2. À la gare, la colère et l’aigreur ne me lâchèrent pas tout de suite. J’imaginais Svéta Zina offrir à Iouline des caresses que je n’avais pas reçues. En réalité il ne s’agissait plus d’elle mais de ce personnage que tout homme trompé fabrique : une maîtresse à la fois haïe et infiniment plus désirable, car appartenant à un autre.
3. Je restait sans bouger. Le regard ensorcelé par l’incroyable étrangeté du visible. La persée s’ouvrait sur une vie face à laquelle tout ce que j’avais vécu et appris perdait son importance.

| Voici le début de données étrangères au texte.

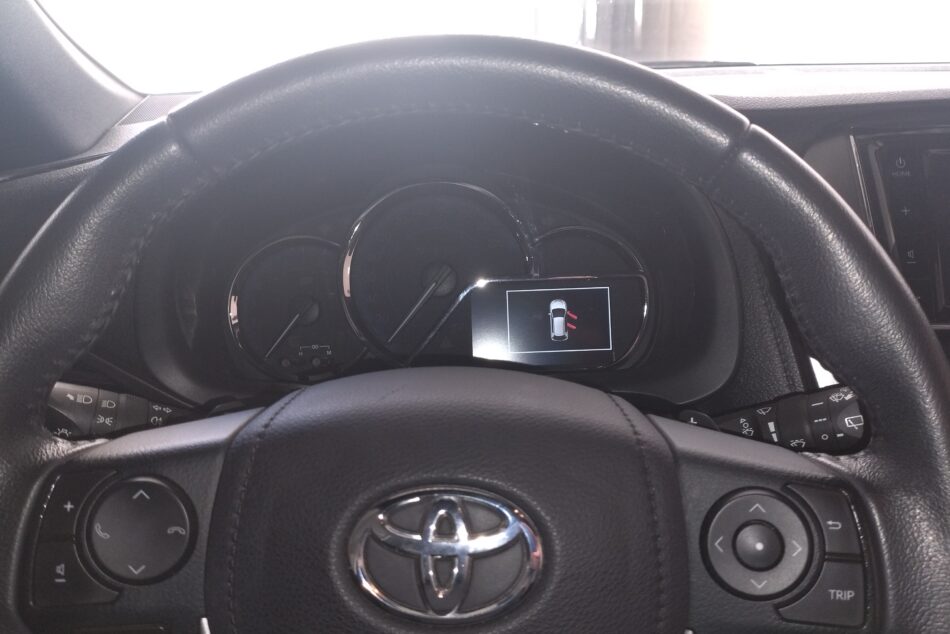 128326838-Toyota Yaris completo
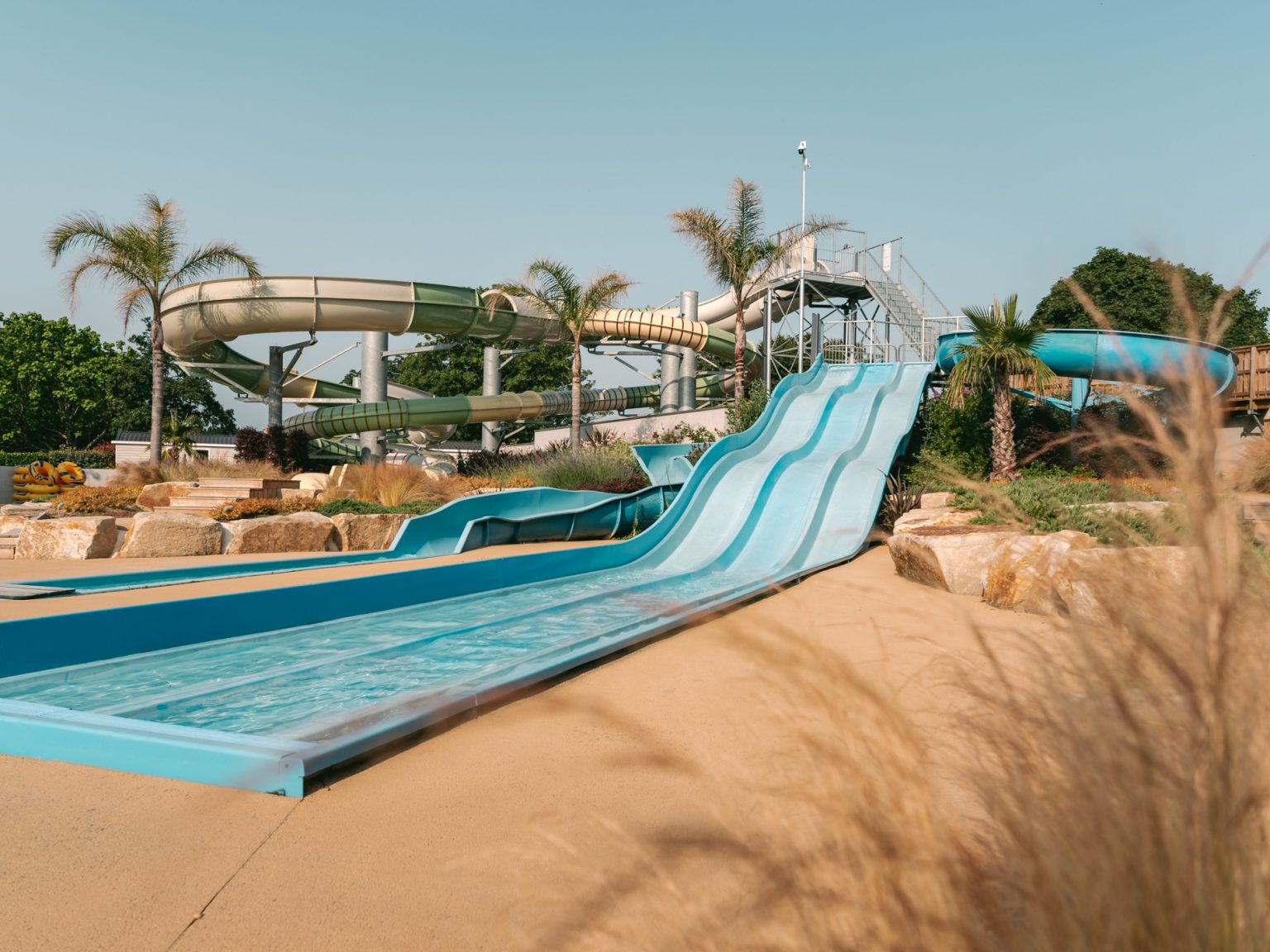 Photographie de toboggans aquatiques dans un camping en Bretagne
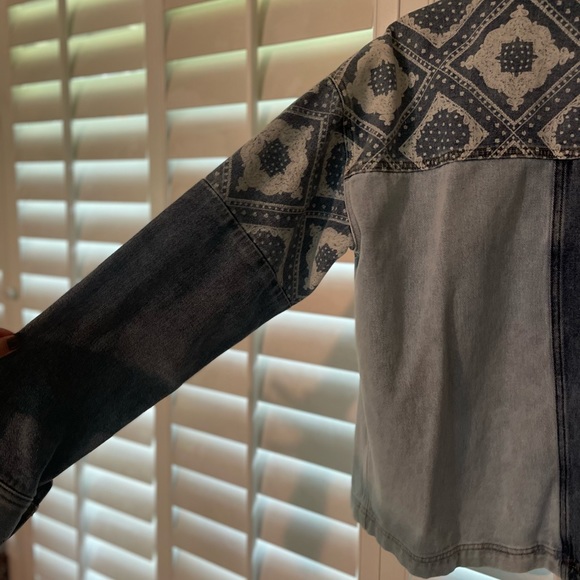 Pacsun rare western denim jacket. Patched denim so so cute!! - Picture 6 of 6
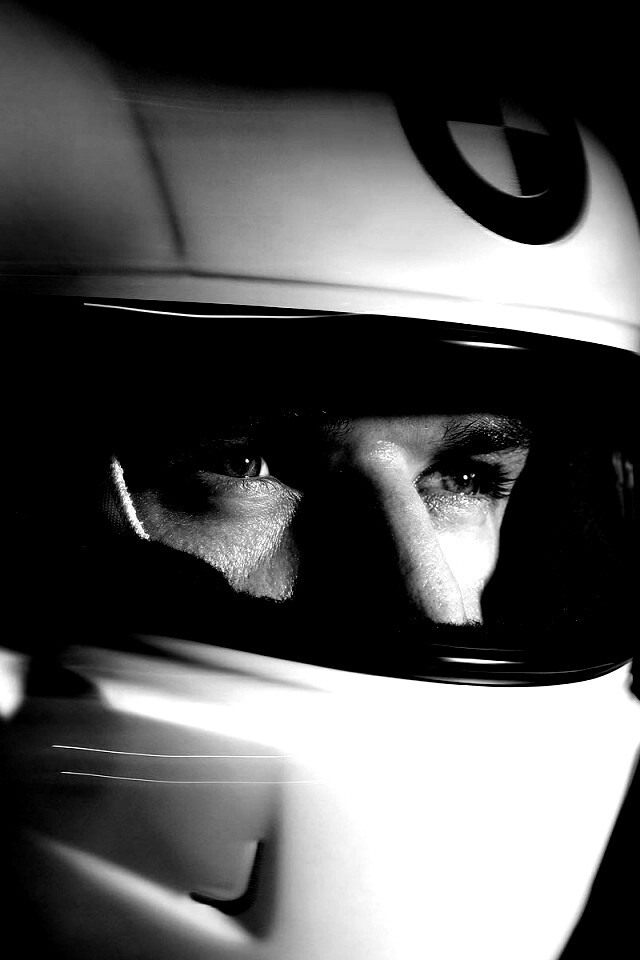 Гонщик BMW обои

4. Tout autour, dans les camps que cachait la Taïga, des milliers d’ombres meurtries peuplaient des barraquements à peine plus confortables que mon abri. Que pouvait proposer un philosophe à ces prisonniers ? La résignation, la révolte, le suicide ? Ou encore le retour vers une vie libre ? Mais quelle était cette liberté : travailler, se nourrir, se divertir, se marier, se reproduire et aussi, de temps en temps, faire la guerre, jeter des bombes, haïr, tuer, mourir ? Nulle sagesse ne donnait une réponse à cette question si simple : comment aller au-delà de notre corps fait pour désirer et de notre cerveau conçu pour vaincre dans les jeux de rivalité. Que faire de cet animal humain rusé, cynique, toujours insatisfait et dont l’existance n’était pas si différente du grouillement combatif des insectes qui s’entre-dévoraient dans les fentes de mon abri ?
5. J’allais interroger Vassine à ce propos quand le craquement d’une branche me mit aux aguets. Radzinski surgit. Non pas du côté des tentes mais remontant de la rive. « Vous feriez mieux de rester vigilants au lieu de bavarder. » lâcha-t-il sèchement avant de disparaître. Dans le regard de Vassine je devinais ma crainte. Nous a-t-il entendu parler du prisonnier politique ? Et si oui, va-t-il nous dénoncer à louskas ? De nouveau, je sentis en moi un frisson de lâcheté : la présence du pantin de chiffon qui me suggérait l’obéissance, l’effacement de toute parole imprudente ; en fait, le bannissement de tout ce qui nous rendait vivants.